You’re being deliberately obtuse. You’re a communications professional, you’re well aware of what I did and did not say.
My line of work is following evidence and facts, reasoning them towards defensible conclusions if there are conclusions to be drawn, and where warranted, providing that information for other parties to act on through processes prescribed in law. Yours, and I’m not saying this at all perjoratively, has generally been to present information and narratives in a way that favours CAF as an institution and that furthers military objectives. There’s nothing wrong with that. We’re both playing for the same side, but with different approaches to the respective value of public perception and narratives versus objective data and intelligence.
In any case- Canada and the west have a verifiable problem with white nationalism as a subset of ideologically motivated violent extremism. That has resulted in both criminal prosecutions (and convictions) as well as threat disruptions, both at home and abroad. These are objective facts. It is also objective fact that there is a conscious effort by such groups to recruit current or former military, or to get people into the military to attain skill sets that may be of use if they can successfully stoke accelerationist violence. Again, these are real events that are playing out continuously, mostly out of public eye, but with occasional visibility in courts or through public interest investigation by journalists and certain activists. While much of the latter is crap, some of it is useful.
CAF, like other allied militaries, is a target for these individuals and groups. You nor I have a proper sense on the extent to which that is the case. There’s more than enough out there to know it’s true, but the true magnitude is likely unknown, and the best informed estimates will be classified. Some decent UNCLASS products come out through ITAC, or other FOUO means, and we both likely have seen those. We’ve likely both gotten some other deeper peaks, but likely at the level of individual instances, not the full, broad scale.
We have a government arms-length body, NSIRA, with access to pretty much everything on the security intelligence side. NSIRA has assessed this trend, and said that CAF is not keeping up with the problem. It seems that CAF is live to this. This is a reasonable concern for them to identify, and it’s their job to flag such issues.
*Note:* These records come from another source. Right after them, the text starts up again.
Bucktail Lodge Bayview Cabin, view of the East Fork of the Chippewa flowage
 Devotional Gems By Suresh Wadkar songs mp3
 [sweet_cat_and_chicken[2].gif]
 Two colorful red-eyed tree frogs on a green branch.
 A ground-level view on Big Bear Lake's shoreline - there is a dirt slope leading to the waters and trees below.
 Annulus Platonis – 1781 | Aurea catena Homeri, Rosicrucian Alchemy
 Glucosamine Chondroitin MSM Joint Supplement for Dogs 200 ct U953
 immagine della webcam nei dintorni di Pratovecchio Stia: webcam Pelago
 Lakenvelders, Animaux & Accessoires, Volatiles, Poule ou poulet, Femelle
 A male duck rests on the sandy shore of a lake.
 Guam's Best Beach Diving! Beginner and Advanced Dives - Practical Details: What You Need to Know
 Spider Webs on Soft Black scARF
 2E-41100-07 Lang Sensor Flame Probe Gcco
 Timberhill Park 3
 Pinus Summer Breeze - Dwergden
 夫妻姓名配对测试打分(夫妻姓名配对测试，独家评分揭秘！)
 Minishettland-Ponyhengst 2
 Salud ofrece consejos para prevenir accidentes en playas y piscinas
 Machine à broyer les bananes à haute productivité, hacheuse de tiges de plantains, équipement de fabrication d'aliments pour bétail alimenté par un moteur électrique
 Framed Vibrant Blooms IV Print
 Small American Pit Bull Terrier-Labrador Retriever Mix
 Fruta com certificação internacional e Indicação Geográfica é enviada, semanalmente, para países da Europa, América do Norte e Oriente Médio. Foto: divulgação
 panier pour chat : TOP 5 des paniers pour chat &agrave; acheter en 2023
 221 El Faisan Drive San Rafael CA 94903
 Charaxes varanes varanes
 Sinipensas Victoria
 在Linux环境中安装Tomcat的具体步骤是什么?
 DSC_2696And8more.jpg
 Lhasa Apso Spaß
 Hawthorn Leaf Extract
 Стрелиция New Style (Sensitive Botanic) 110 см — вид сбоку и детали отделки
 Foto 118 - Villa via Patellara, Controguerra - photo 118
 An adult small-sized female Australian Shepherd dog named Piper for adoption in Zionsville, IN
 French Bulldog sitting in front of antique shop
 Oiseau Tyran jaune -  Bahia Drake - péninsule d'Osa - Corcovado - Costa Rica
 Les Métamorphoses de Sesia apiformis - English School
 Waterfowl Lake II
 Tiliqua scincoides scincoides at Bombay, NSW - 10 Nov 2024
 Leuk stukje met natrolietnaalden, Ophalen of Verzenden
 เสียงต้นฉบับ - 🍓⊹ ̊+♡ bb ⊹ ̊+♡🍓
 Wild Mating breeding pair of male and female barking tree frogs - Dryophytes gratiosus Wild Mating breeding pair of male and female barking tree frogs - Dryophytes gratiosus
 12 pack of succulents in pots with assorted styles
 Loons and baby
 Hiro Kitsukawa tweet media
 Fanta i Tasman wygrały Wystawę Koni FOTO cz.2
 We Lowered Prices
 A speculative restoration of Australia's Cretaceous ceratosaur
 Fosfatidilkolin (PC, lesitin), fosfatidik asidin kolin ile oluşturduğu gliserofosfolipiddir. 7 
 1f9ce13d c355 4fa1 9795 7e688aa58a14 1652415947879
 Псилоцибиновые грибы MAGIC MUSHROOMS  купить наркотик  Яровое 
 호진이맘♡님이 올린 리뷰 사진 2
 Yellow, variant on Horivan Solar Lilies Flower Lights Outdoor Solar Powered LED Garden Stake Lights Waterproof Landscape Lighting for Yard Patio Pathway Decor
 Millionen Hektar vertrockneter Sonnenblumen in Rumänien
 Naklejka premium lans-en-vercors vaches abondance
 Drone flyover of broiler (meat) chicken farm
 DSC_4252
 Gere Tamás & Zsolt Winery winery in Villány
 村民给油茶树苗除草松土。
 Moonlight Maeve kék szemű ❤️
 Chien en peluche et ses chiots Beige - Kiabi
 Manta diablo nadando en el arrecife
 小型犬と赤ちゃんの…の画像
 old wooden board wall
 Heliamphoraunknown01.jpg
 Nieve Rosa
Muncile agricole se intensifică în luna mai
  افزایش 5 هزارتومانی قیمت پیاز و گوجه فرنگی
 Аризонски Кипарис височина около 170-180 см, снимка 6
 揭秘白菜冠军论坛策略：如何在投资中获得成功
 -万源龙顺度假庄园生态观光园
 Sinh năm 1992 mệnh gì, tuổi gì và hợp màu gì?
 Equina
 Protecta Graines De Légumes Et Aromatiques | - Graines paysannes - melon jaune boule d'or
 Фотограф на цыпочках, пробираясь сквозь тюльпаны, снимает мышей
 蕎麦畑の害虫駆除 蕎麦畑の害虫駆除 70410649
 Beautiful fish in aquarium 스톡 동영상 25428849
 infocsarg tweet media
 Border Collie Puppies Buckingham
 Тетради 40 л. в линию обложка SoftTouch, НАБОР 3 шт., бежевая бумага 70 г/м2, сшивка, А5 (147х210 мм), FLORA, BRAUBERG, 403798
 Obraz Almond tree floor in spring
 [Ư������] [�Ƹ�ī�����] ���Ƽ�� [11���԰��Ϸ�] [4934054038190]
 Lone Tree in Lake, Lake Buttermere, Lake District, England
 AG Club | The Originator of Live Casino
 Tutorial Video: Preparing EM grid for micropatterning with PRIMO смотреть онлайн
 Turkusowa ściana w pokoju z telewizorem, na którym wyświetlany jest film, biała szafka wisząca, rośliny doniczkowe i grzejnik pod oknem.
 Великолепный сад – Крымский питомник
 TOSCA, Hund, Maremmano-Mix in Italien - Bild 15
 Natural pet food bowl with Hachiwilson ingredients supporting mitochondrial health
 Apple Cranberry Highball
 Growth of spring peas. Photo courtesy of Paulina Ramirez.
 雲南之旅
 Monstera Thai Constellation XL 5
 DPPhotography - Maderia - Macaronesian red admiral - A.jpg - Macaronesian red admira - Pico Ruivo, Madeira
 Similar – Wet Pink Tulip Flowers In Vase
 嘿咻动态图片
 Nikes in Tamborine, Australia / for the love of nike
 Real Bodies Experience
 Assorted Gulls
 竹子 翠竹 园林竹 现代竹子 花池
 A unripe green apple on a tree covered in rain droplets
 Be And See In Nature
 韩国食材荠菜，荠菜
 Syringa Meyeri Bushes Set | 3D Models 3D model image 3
None of this is information that you, I, or anyone else in this thread needs special insight to understand. This is very foundational information for anyone who takes an interest in national security. I’m simply disappointed to see people jumping off half cocked without even attempting that basic understanding. I think some people are being defensive, thinking this is some sort of woke political BS or something when it’s really just sound national security work.